Understanding the Sacraments: The ‘peculiar graces’ of the Mass

The saints, including St. John of the Cross and St. Faustina, experienced this liturgical presence in profound ways

By Father Randy Stice

The meaning and power of the liturgical year was elegantly summarized by Vatican Council II: “Within the cycle of a year, moreover, she [the Church] unfolds the whole mystery of Christ, from the incarnation and birth until the ascension, the day of Pentecost, and the expectation of blessed hope and of the coming of the Lord” (Sacrosanctum Concilium, 102). As the mysteries of our redemption are liturgically recalled and celebrated, the riches of Christ’s “powers and merits” are opened to us “so that these are in some way made present for all time, and the faithful are enabled to lay hold upon them and become filled with saving grace” (SC, 102, italics added).

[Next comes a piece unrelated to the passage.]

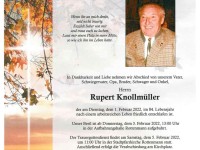 Ableben von Rupert Knollmüller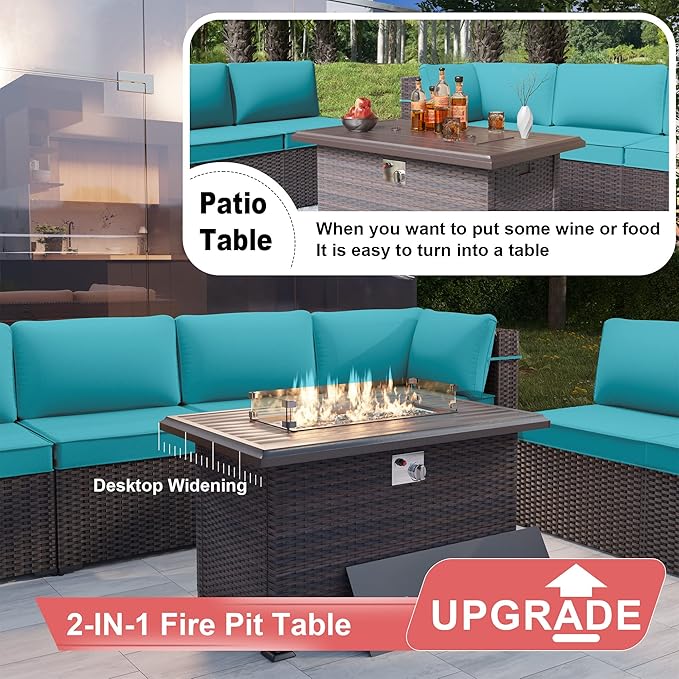 Kurapika 7 Pieces Patio Furniture Set, Rattan Outdoor Conversation Sets w/43in Propane Fire Pit Table and 4 Inch Cushion(Blue)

These events are “made present for all time” because Christ’s Paschal mystery is different from all other historical events, which “pass away, swallowed up in the past. The Paschal mystery of Christ, by contrast, cannot remain only the past, because by his death he destroyed death, and all that Christ is—all that he did and suffered for all men—participates in the divine eternity, and so transcends all times while being made present in them all” (Catechism of the Catholic Church, 1085).

Thus, in asserting that the liturgy makes these events present in a way that we can grasp them and receive their graces, the Church has laid out for us both the mystery and the power of the Mass. This is how the Austrian Father Pius Parsch (1884-1954), one of the leaders of the liturgical movement, described it in his masterwork, The Church’s Year of Grace (published in English in the United States between 1953 and 1959): “The Sacrifice of Mass offered on various feasts and ferials actualized the sacred event commemorated, making present its peculiar graces” (vol. IV, p. 10, italics added). At one and the same time the Mass makes present Christ’s Paschal mystery in its entirety and the “peculiar graces” specific to each celebration.

The saints experienced this unique liturgical presence in profound ways. For example, for St. John of the Cross, “The liturgical feasts and seasons meant more than an external commemoration; they were the occasion of an interior transformation in the spirit of the mystery being celebrated….One Christmas, seeing a statue of the Infant lying on a cushion, he cried out, ‘Lord, if love is to slay me, the hour has now come.’ His countenance, in fact, corresponded with the Church’s liturgy. Once during Holy Week he suffered so intensely from the Passion of Christ that he found it impossible to leave the monastery to hear the nuns’ confessions” (Kieran Kavanaugh, Introduction to the Collected Works of Saint John of the Cross, p. 27).

St. Faustina, the Apostle of the Divine Mercy, described her experiences of the graces she received at different liturgical celebrations. After a Christmas Eve midnight Mass she wrote: “During Holy Mass, I again saw the little Infant Jesus, extremely beautiful, joyfully stretching out His little arms to me. After Holy Communion, I heard the words: I am always in your heart; not only when you receive Me in Holy Communion, but always.” (Diary, no. 575). And following the celebration of the feast of Christ the King she wrote, “During Holy Mass I prayed fervently that Jesus might become King of all hearts and that divine grace might shine in every soul. Then I saw Jesus as He is depicted in the image [of Divine Mercy], and He said to me, My daughter, you give Me the greatest glory by faithfully fulfilling my desires” (Diary, 500). “Almost every feast of the Church,” she observed, “gives me a deeper knowledge of God and a special grace” (Diary, no. 481).

The liturgy gives us many guides to the “peculiar graces” of each eucharistic celebration. The entrance antiphon introduces the assembly “to the mystery of the liturgical time or festivity” (GIRM, 47). The opening prayer or Collect expresses “the character of the celebration” (GIRM, 54). In the readings, “Christ himself is present through his word in the midst of the faithful” (GIRM, 55). And the Prayer after Communion is a petition “for the fruits of the mystery just celebrated” (GIRM, 89).

Meditating on these texts, available in a variety of sources such as daily missals and periodicals such as Magnificat, prepares us to receive the graces specific to each celebration. This was St. Faustina’s practice: “I prepare myself for each feast and unite myself closely with the spirit of the Church. What a joy it is to be a faithful child of the Church! Oh, how much I love Holy Church and all those who live in it!” (St. Faustina, no. 481). May we follow her example so that we too can lay hold of the “powers and merits” of Christ’s saving work “made present” every time the Holy Sacrifice of the Mass is offered (SC, 102).